In einer Veranstaltung des Bergischen Geschichtsvereins wird Sara Malangeri das Buch und ihre Arbeit am Dienstag, 20. August, im Deutschen Schloss- und Beschlägemuseum Velbert vorstellen. Der Vortrag zum Thema „Zwangsarbeit in Velbert im 2. Weltkrieg“ beginnt um 18.30 Uhr.

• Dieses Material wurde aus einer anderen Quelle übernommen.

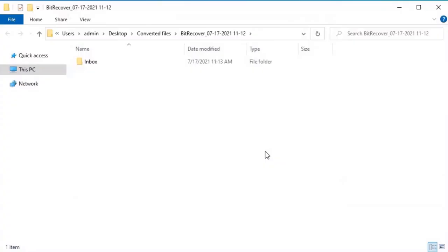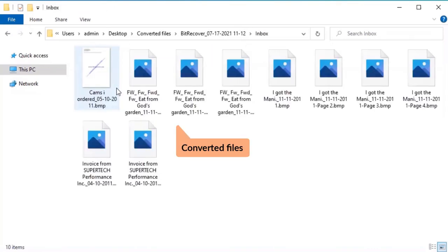The software will open the destination location of the resultant file. Here you can see the converted files.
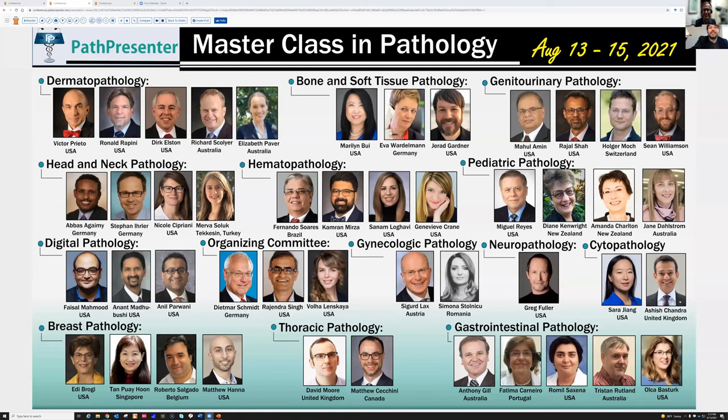I don't think you need any introduction to the audience because most people already know you. Dr. Jared Gardner is a close friend and also an associate professor of pathology, currently working at Geisinger. He's an expert not only in soft tissue pathology but also in dermatopathology. He's taught a lot — everybody has learned from his lectures on YouTube, on Twitter, on Facebook. We will benefit from his great teaching techniques today, and the floor is yours, Jared.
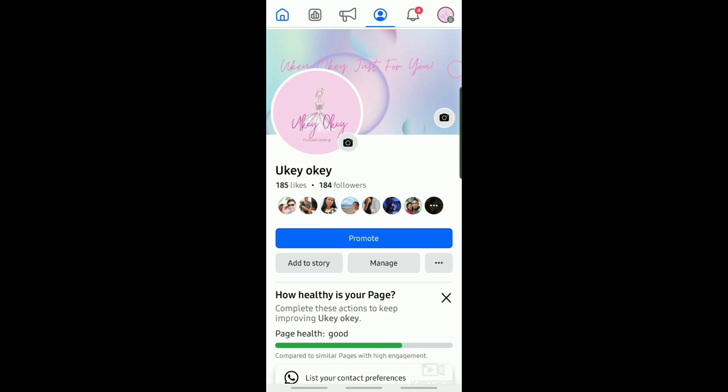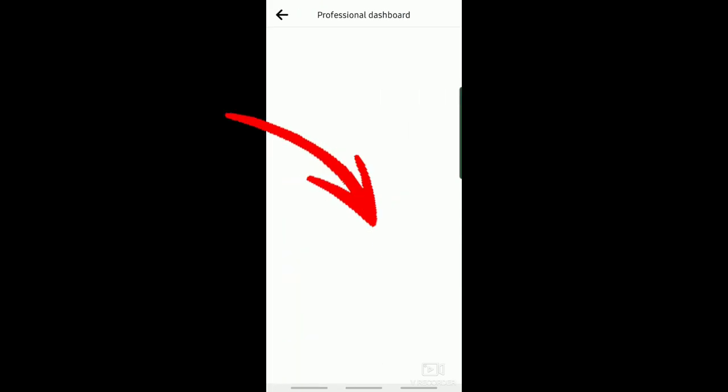To start, open your Facebook page on your Facebook app. And then you can see this Manage button. Just tap on that.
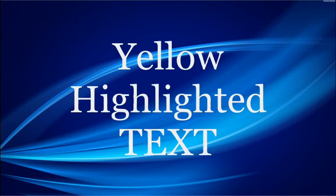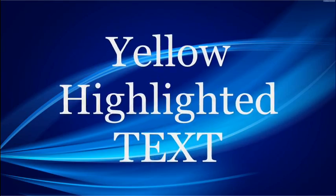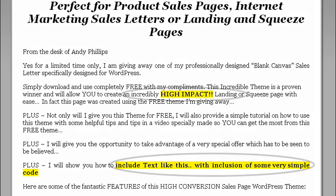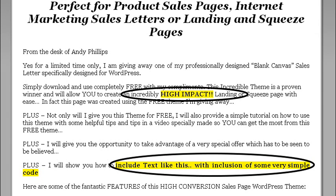I'll also show you how to do the yellow highlighted text. On landing pages, if used well, this can really highlight some of the text within the body copy, so when someone's reading down they can actually pick out the salient points. It's a very good way of getting your message across well, and it's just a small piece of code but I'll show you how to do that.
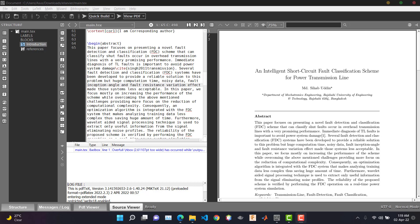Hello. If you are trying to submit your research paper into an Elsevier journal, you will find the system a bit complex, and if you are trying to submit your LaTeX project, you will definitely find it complex. However, the process is not that complex — there are no clear guidelines, or the guidelines provided are a bit confusing, that's why you will find it difficult. In this tutorial, I'll show you how you can do it easily.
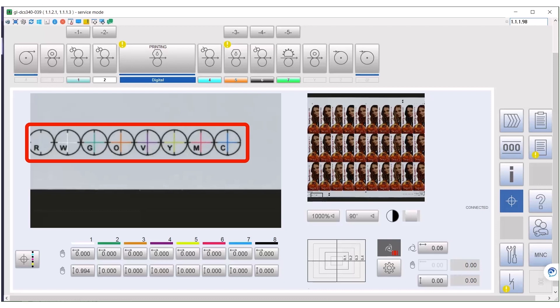Register is controlled over the complete web width, very important for some applications. Also, the register quality is not dependent on skills or motivation of the operator.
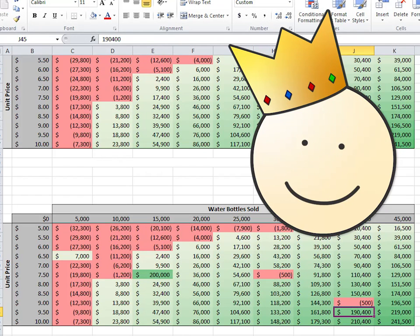Now you know how to use the conditional formatting feature in Excel to make your data look more visible and fantastic.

Kein Zugang zu Luftschutzräumen

Nach Angaben von Jürgen Lohbeck befinden sich unter den 673 in Velbert registrierten Kriegsgräbern mindestens 158 russische und 24 polnische Tote, dazu noch einige anderer Nationen. Diese ehemaligen Zwangsarbeiter seien verstorben an Entkräftung, Unterernährung, Krankheiten und teils an der Gewalt ihrer Peiniger. Nur wenige kamen durch Kriegseinwirkungen um, obwohl es den Zwangsarbeitern verboten war, sich in Luftschutzräumen aufzuhalten.

Die Baracken des Lagers Böttinger Platz wurde auch in der Nachkriegszeit noch Unterkünfte benutzt.
Die Baracken des Lagers Böttinger Platz wurde auch in der Nachkriegszeit noch Unterkünfte benutzt. © FUNKE Foto Services | Christof Köpsel

Pionierarbeit geleistet

Sara Malangeri hat mit ihrer Diplomarbeit Pionierarbeit geleistet, die es verdient hat, einer breiteren Öffentlichkeit bekannt zu werden. Deswegen machten sich Stadtarchivar Ulrich Morgenroth und der Geschichtsverein für die Veröffentlichung stark. Jürgen Lohbeck hat Buch durch einen Blick auch auf Langenberg und Neviges bereichert, zudem liefert er umfangreiches Luftbildmaterial.

Das Buch „Zwangsarbeit in Velbert“ gibt es für 24 Euro im Buchhandel oder beim Scala-Verlag.